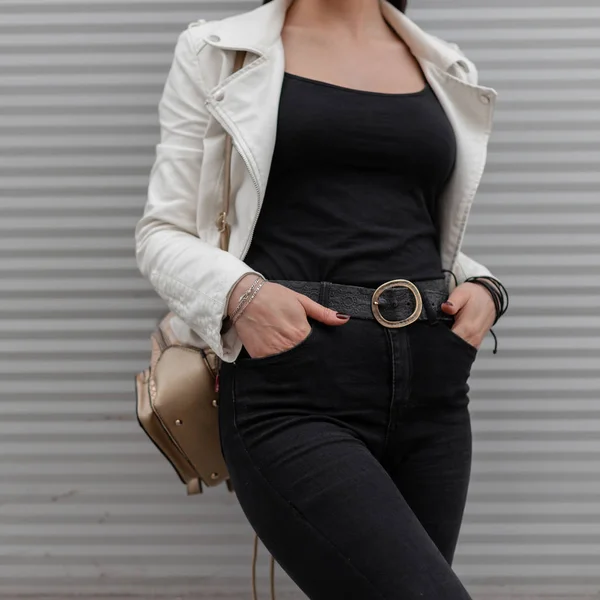 Young woman in white leather jacket in a t-shirt in black jeans with a stylish golden backpack poses near the modern wall. Details of everyday look. Fashionable women's modern clothing. Close-up. — Stock Photo, Image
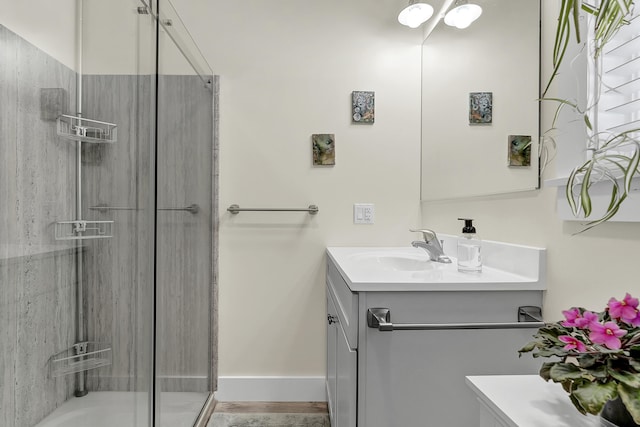 bathroom featuring walk in shower and vanity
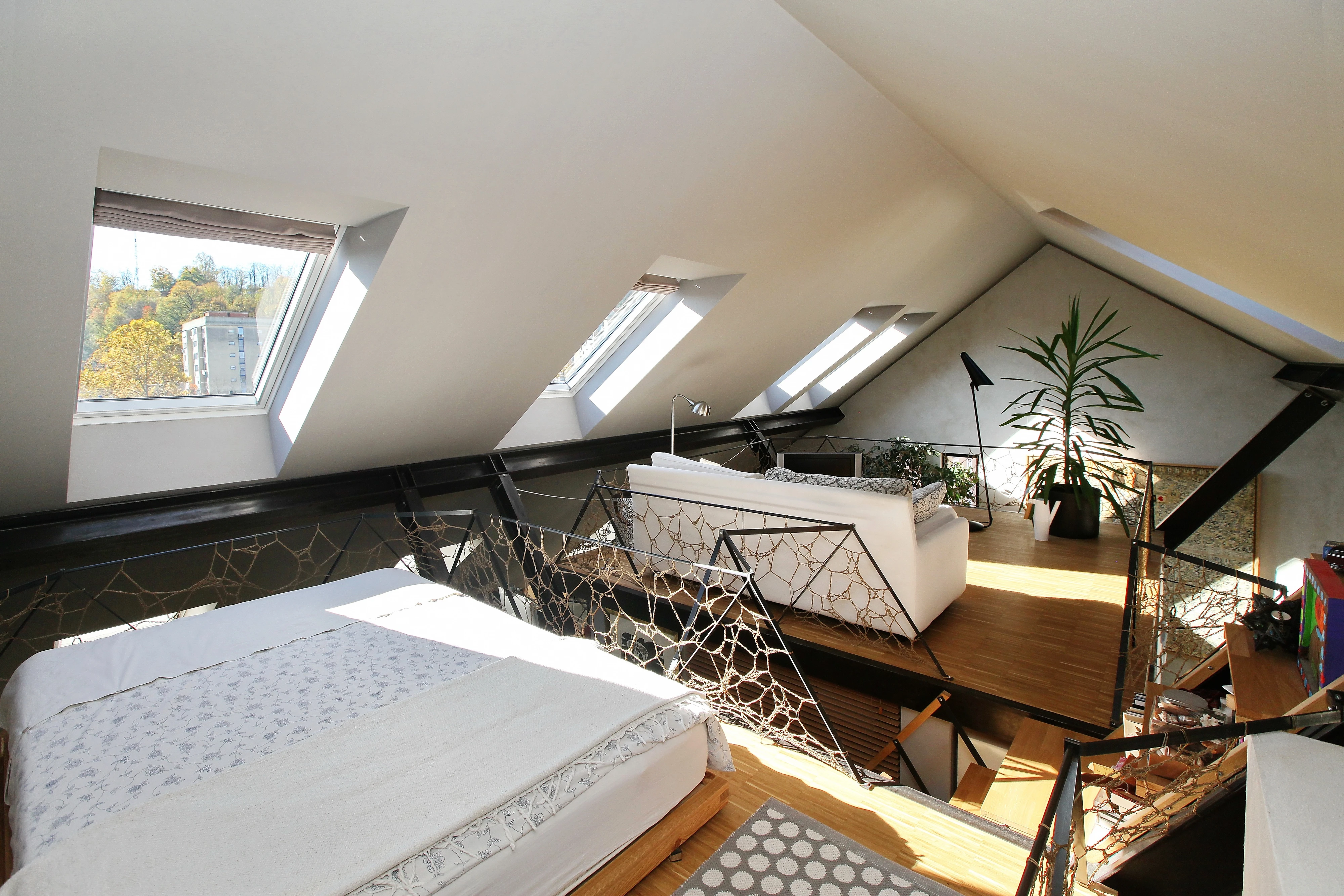 Attic living space with sloped ceiling and VELUX roof windows, modern furnishings.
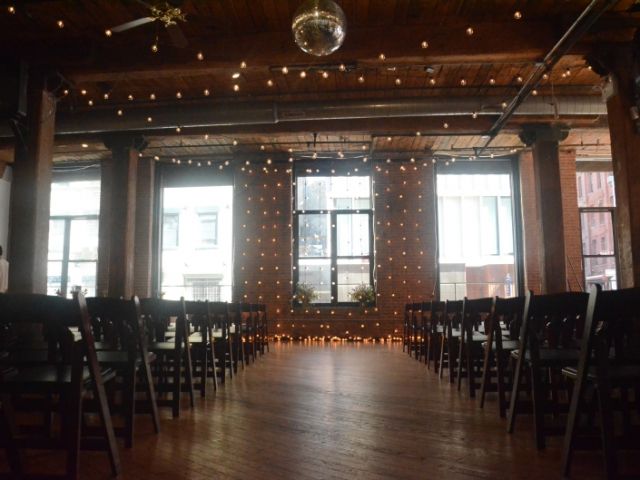 The Dumbo Loft (Brooklyn, New York) - String Lights suspended Vertically as a backdrop behind ceremony with String Lights suspended in a zigzagging pattern between center columns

■ **WORK ORDER**
Working from the listing above, retype it exactly but include no images.

■ **WRITTEN SOLUTION**
 Young woman in white leather jacket in a t-shirt in black jeans with a stylish golden backpack poses near the modern wall. Details of everyday look. Fashionable women's modern clothing. Close-up. — Stock Photo, Image
 bathroom featuring walk in shower and vanity
 Attic living space with sloped ceiling and VELUX roof windows, modern furnishings.
 The Dumbo Loft (Brooklyn, New York) - String Lights suspended Vertically as a backdrop behind ceremony with String Lights suspended in a zigzagging pattern between center columns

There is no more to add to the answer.